Data extract:
=======

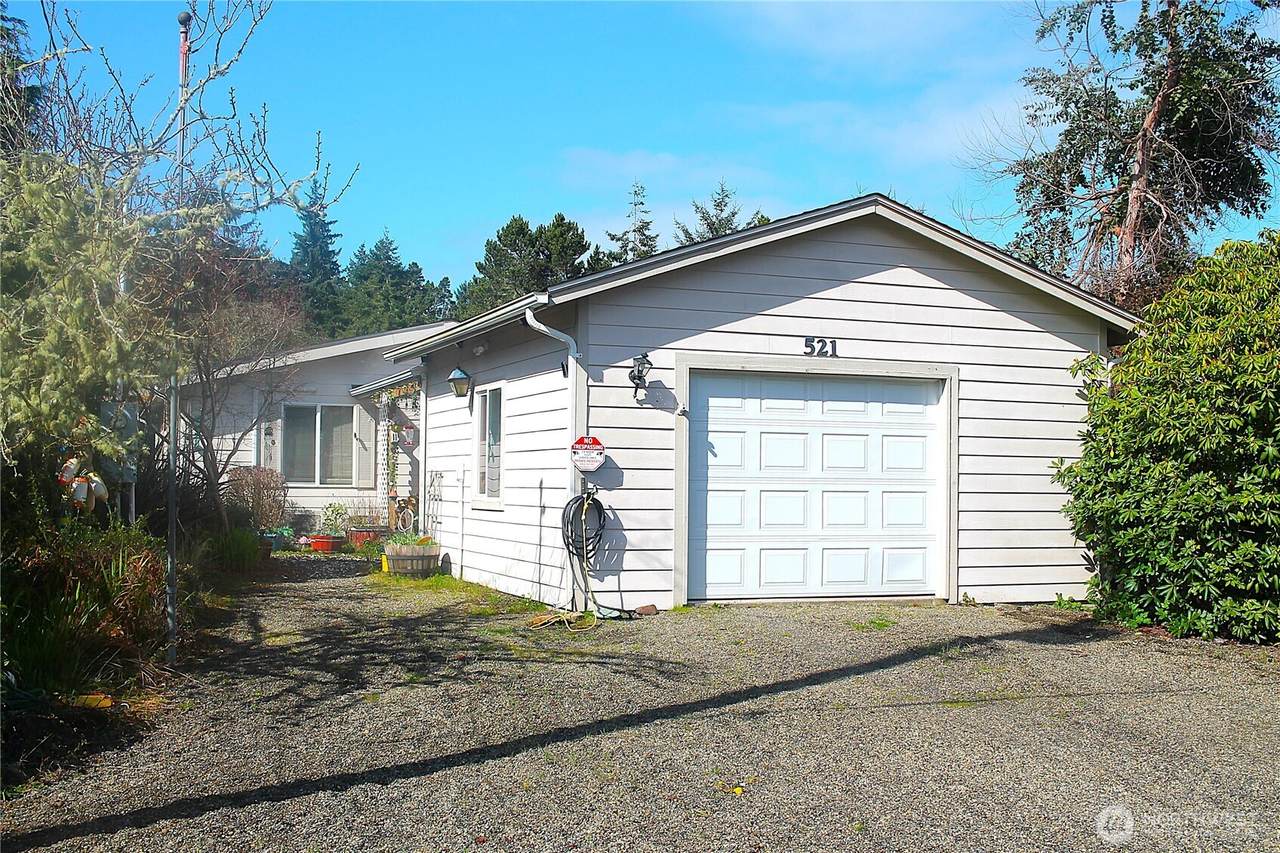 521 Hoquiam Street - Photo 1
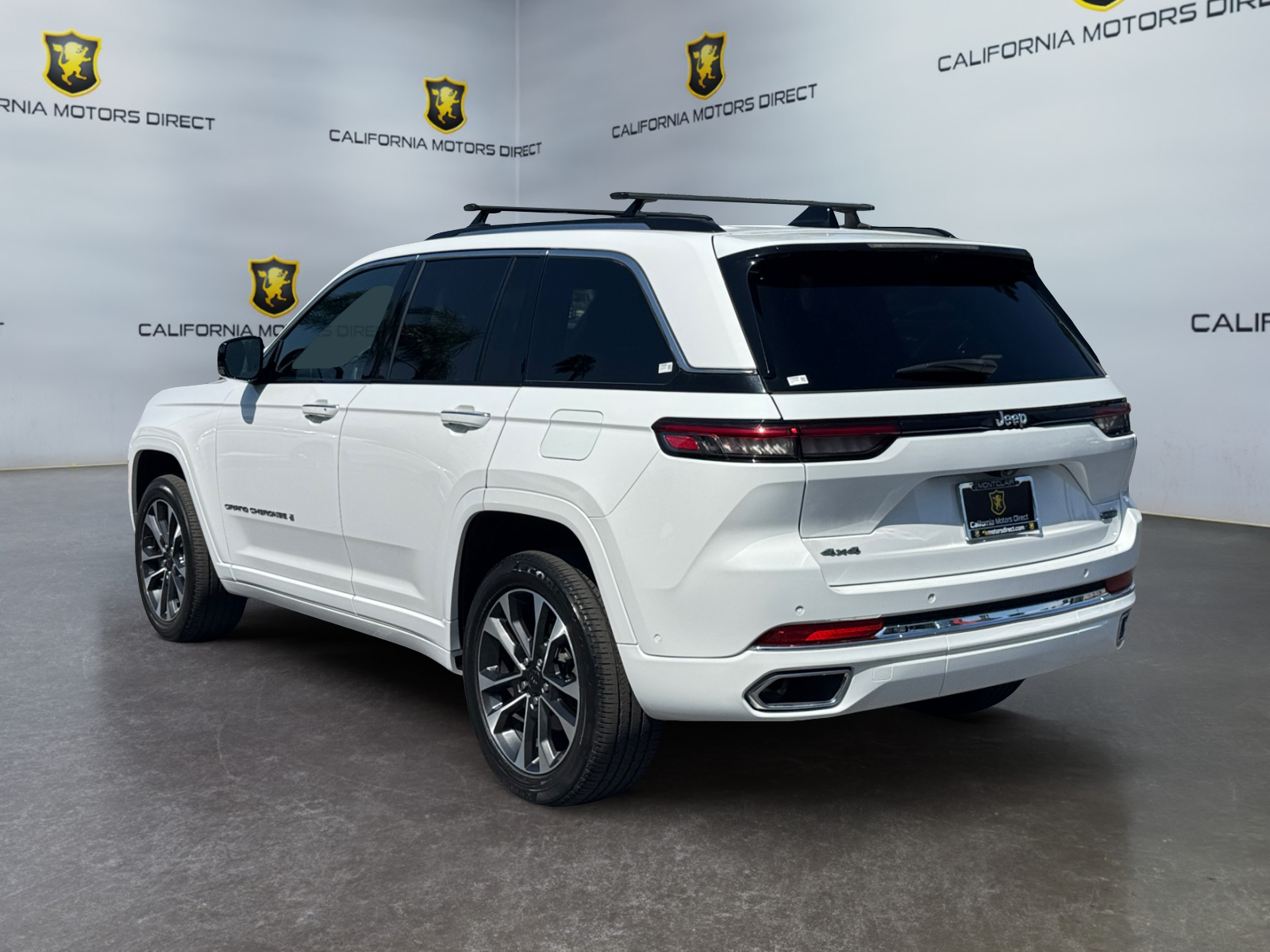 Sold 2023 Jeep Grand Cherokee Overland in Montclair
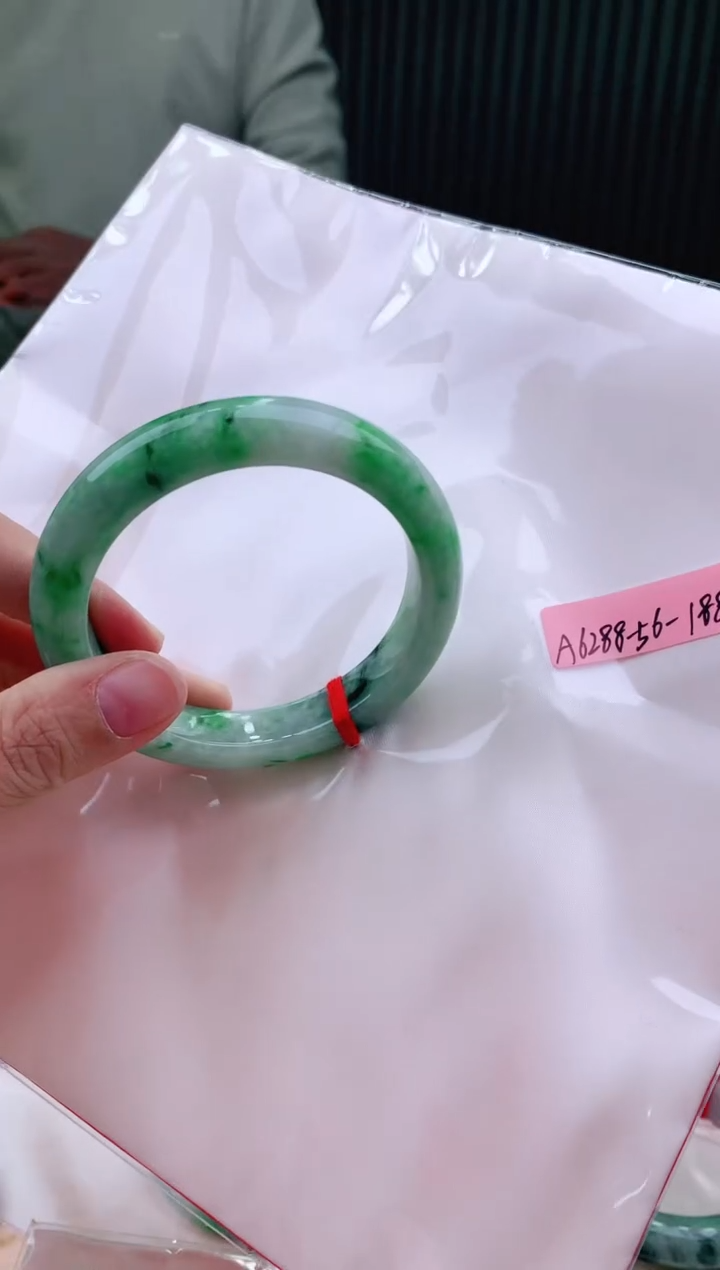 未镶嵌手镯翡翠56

=======

What you will do: From the line containing "Sold 2023 Jeep" to the end of the listing, restate each line word for word and nothing more; the pictures stay out.

Output for this exercise:
 Sold 2023 Jeep Grand Cherokee Overland in Montclair
 未镶嵌手镯翡翠56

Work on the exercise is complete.